Quantum limits of sub-Laplacians via joint spectral calculus

TL;DR

This paper investigates the quantum limits of sub-Laplacians, demonstrating spectral decomposition techniques under commutativity assumptions and analyzing specific cases on Heisenberg group quotients.

Contribution

It introduces a joint spectral calculus approach for sub-Laplacians, enabling spectral decomposition and analysis of quantum limits in degenerate spectral settings.

Findings

Quantum limits can be split into parts under commutativity assumptions.

Spectral decomposition reveals harmonic oscillators in sub-Laplacian spectra.
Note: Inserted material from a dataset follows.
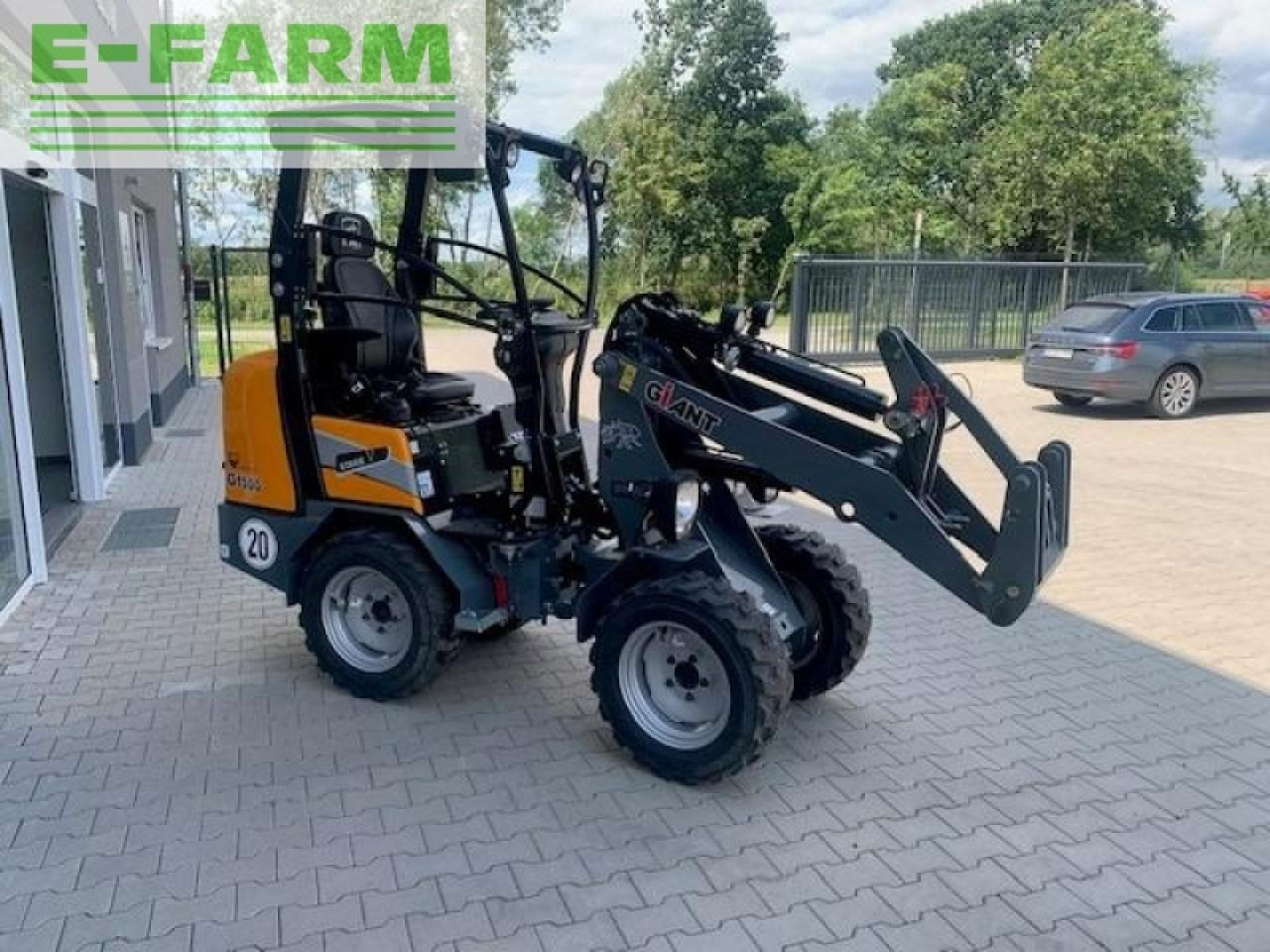Giant g1500 - Компактный фронтальный погрузчик: фото 2 Giant g1500 - Компактный фронтальный погрузчик: фото 2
Results apply to sub-Laplacians on products of Heisenberg group quotients.

Abstract

We establish two results concerning the Quantum Limits (QLs) of some sub-Laplacians. First, under a commutativity assumption on the vector fields involved in the definition of the sub- Laplacian, we prove that it is possible to split any QL into several pieces which can be studied separately, and which come from well-characterized parts of the associated sequence of eigenfunctions. Secondly, building upon this result, we study in detail the QLs of a particular family of sub-Laplacians defined on products of compact quotients of Heisenberg groups. We express the QLs through a disintegration of measure result which follows from a natural spectral decomposition of the sub-Laplacian in which harmonic oscillators appear. Both results are based on the construction of an adequate elliptic operator commuting with the sub-Laplacian, and on the associated joint spectral calculus. They illustrate the fact that, because of the possible high degeneracies in the spectrum, the spectral theory of sub-Laplacians is very rich.